User Tools

Site Tools


postgresql

This is an old revision of the document!


Installation & Setup

For Ubuntu 12.04:

sudo apt-get install postgresql-9.1 pgadmin3

pgAdmin III is a strongly recommended GUI for twiddling with your PostgreSQL. However, here are the first steps with the command line right after installing.

Server Configuration

Enable remote TCP/IP connections

Allow TCP/IP connections from all IPs (default = localhost only) by adding this line to /etc/postgresql/9.1/main/postgresql.conf:

listen_addresses = '*'

Then allow password authentication for all users from all IPs by adding this line to /etc/postgresql/9.1/main/pg_hba.conf:

host    all         all         0.0.0.0/0               md5

To further twiddle with more restrictive client authentication settings have a look at pg_hba.conf.

User Management

First steps with a user of your choosing

# log in with user created by default (which has no password set)
sudo -u postgres psql
 
# create a user with your linux user name and log in
# (in Ubuntu the postgres user that matches your linux user name
# can by default log in without supplying a password) 
sudo -u postgres createuser --superuser $USER
psql -d postgres
# set a password
\password
 
# create a restricted user with password (long and short version)
sudo -u postgres createuser --no-superuser --no-createdb --no-createrole --pwprompt username
sudo -u postgres createuser -SDRP username
psql -U username -d postgres
# drop a user
sudo -u postgres dropuser username

Setting a password for user postgres

ALTER USER postgres WITH password 'password';

Create Readonly User

1. Create the user

sudo -u postgres createuser --no-superuser --no-createdb --no-createrole --pwprompt username

2. Grant readonly permissions

This is the tedious part (in postgres versions pre 9.0). We need to grant the user the permission to

  • connect to the DB
  • use the schema
  • perform a select on everay object in the schema
GRANT CONNECT ON DATABASE mydb TO username;
GRANT USAGE ON SCHEMA public TO username;
 
-- Generate GRANT SELECT statements for all tables/views in the schema
SELECT 'GRANT SELECT ON public.' || relname || ' TO username;'
FROM pg_class JOIN pg_namespace ON pg_namespace.oid = pg_class.relnamespace
WHERE nspname = 'public' AND relkind IN ('r', 'v');

Slightly different approach

Creating a true read-only user is a real pain in postgres. Just revoking privileges from a user still allows him to create database objects which he owns. You need to revoke the CREATE and USAGE privileges from the SCHEMA public and the GROUP public.

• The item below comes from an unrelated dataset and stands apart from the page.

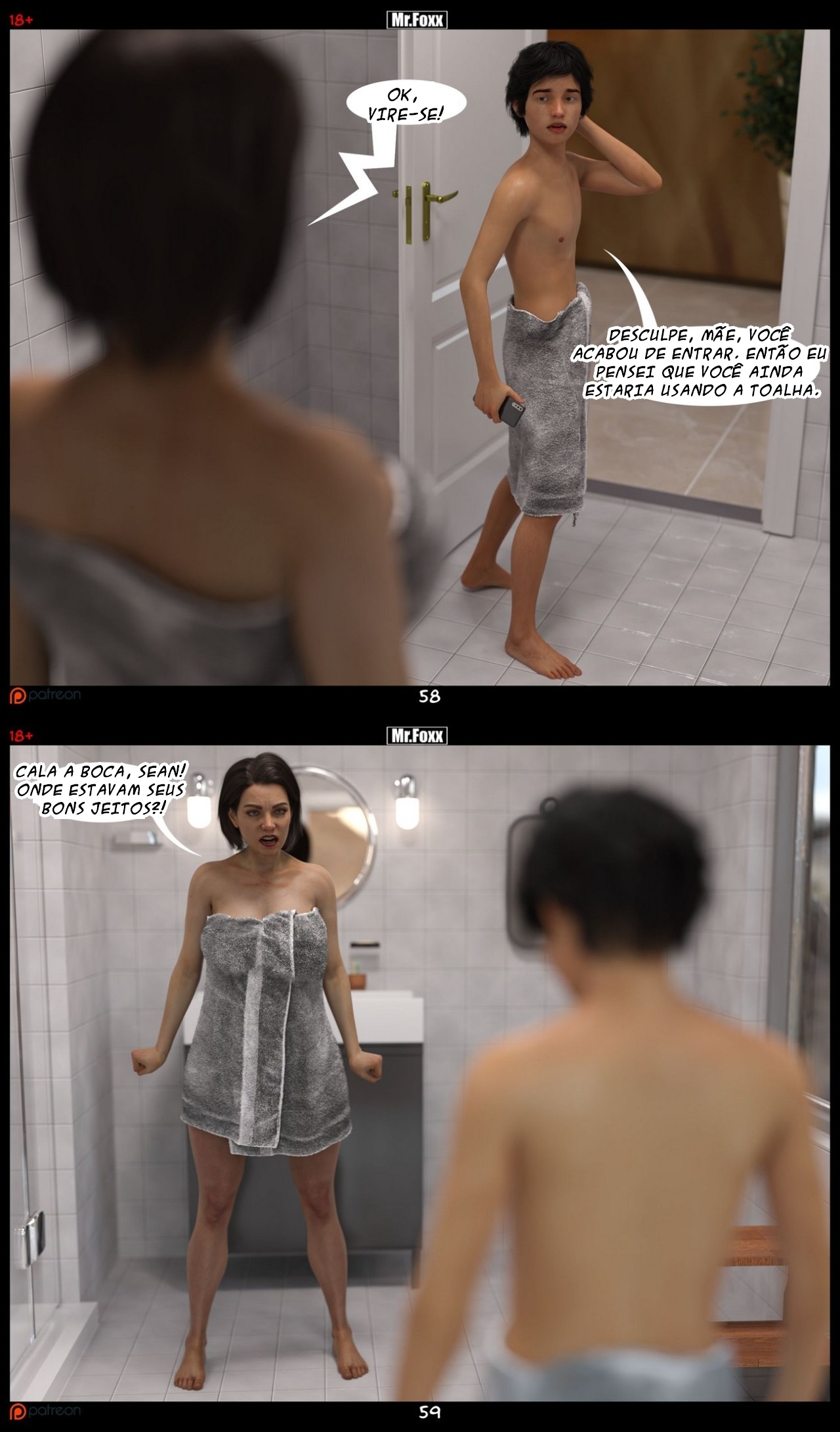 Mom's Affair Part 3 Hentai pt-br 30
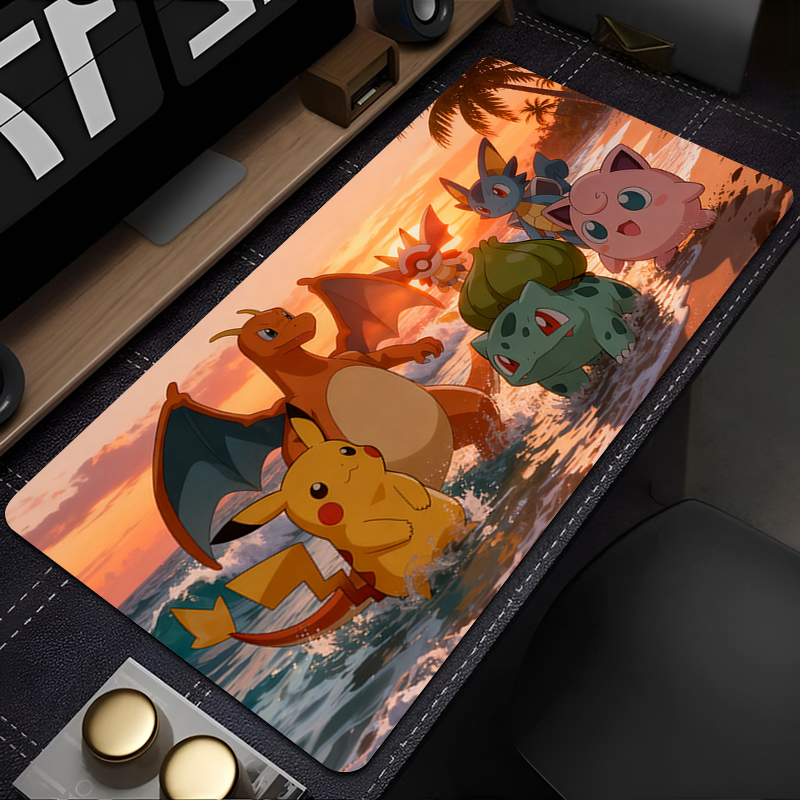 Mouse Pad Lockedge Large Gamin - Gaming Accessories For Gaming Setup recension och pris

-- Revoke default permissions from public group:
REVOKE CREATE ON SCHEMA public FROM PUBLIC;
REVOKE USAGE ON SCHEMA public FROM PUBLIC;
 
-- Add back permissions for the users allowed to create stuff
GRANT CREATE ON SCHEMA public TO rw_user;
GRANT USAGE ON SCHEMA public TO rw_user;
 
-- Add SELECT permissions for read-only user
GRANT USAGE ON SCHEMA public TO readonly_user;
GRANT SELECT ON my_table TO readonly_user;

see http://www.ruizs.org/archives/89 for details.

Grant on all tables

With a single GRANT command permission for all tables in a schema can be changed:

GRANT ALL ON ALL TABLES IN SCHEMA public TO user;

Change owner on all tables

CLI: Unfortunately this can only be achieved via scripting, but we don't have to reinvent the wheel: https://gist.github.com/jirutka/afa3ce62b1430abf7572

GUI: Or in pgadminIII right-click on the schema, go to properties, and set the owner to your liking.

PSQL meta-commands

After you logged into PostgreSQL it's good to know some often-used meta-commands (read more in man psql):

-- list all users
\du
-- list all schemas
\dn
-- list all tables (and views) in the current database / show details of table
\d
\d+  -- (also show comments)
\d tablename
-- list all tables of a certain schema
\dt schemaname.*
-- list all databases on the host
\l
-- connect to a database
\c dbname
-- execute a command on the Linux shell (as-is)
\! command
-- quit
\q

For more meta-commands check out the documentation.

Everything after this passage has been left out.